◆ INPUT DATA:

============================================================

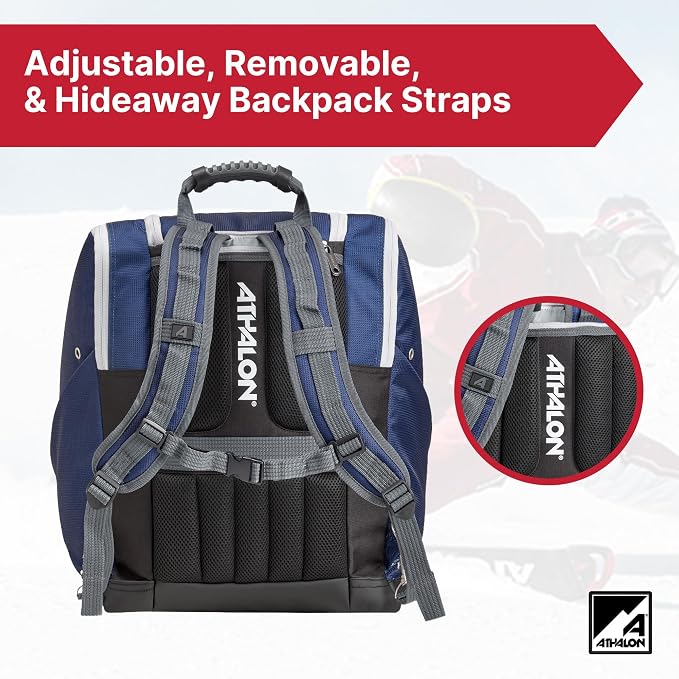 Athalon Everything Ski Boot Bag Gear Pack with Ventilated Boot Compartments, Waterproof Bottom, Hideaway Helmet Sling, 58.5 Liter Capacity - Image 3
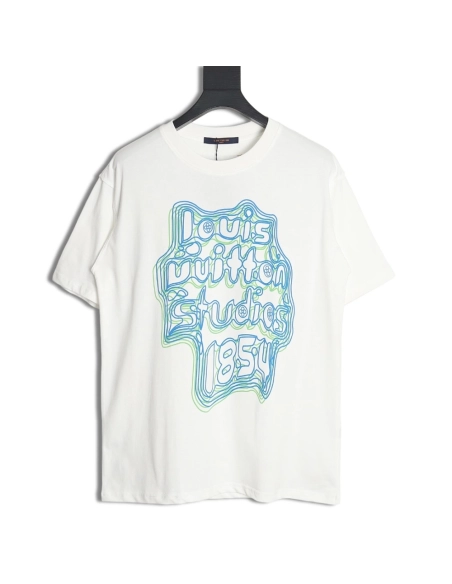 Reps Louis Vuitton geometric neon print short-sleeved T-shirt,All order with free shipping Reps Louis Vuitton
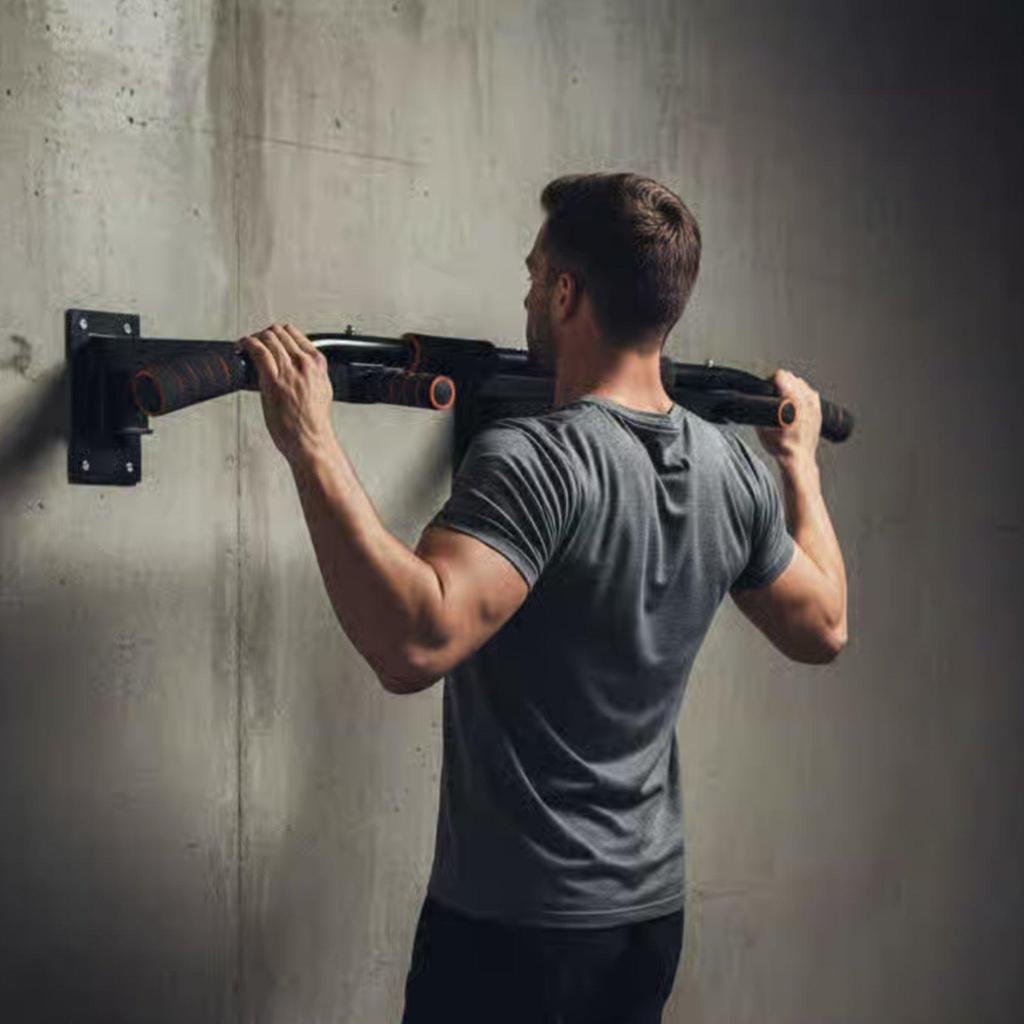 Wall Mounted Pull up Bar Non-Slip Grips Fitness Equipment Ergonomic Design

============================================================

Please restate the material word for word; the pictures stay out.

◆ SOLUTION TO THIS PROBLEM:
 Athalon Everything Ski Boot Bag Gear Pack with Ventilated Boot Compartments, Waterproof Bottom, Hideaway Helmet Sling, 58.5 Liter Capacity - Image 3
 Reps Louis Vuitton geometric neon print short-sleeved T-shirt,All order with free shipping Reps Louis Vuitton
 Wall Mounted Pull up Bar Non-Slip Grips Fitness Equipment Ergonomic Design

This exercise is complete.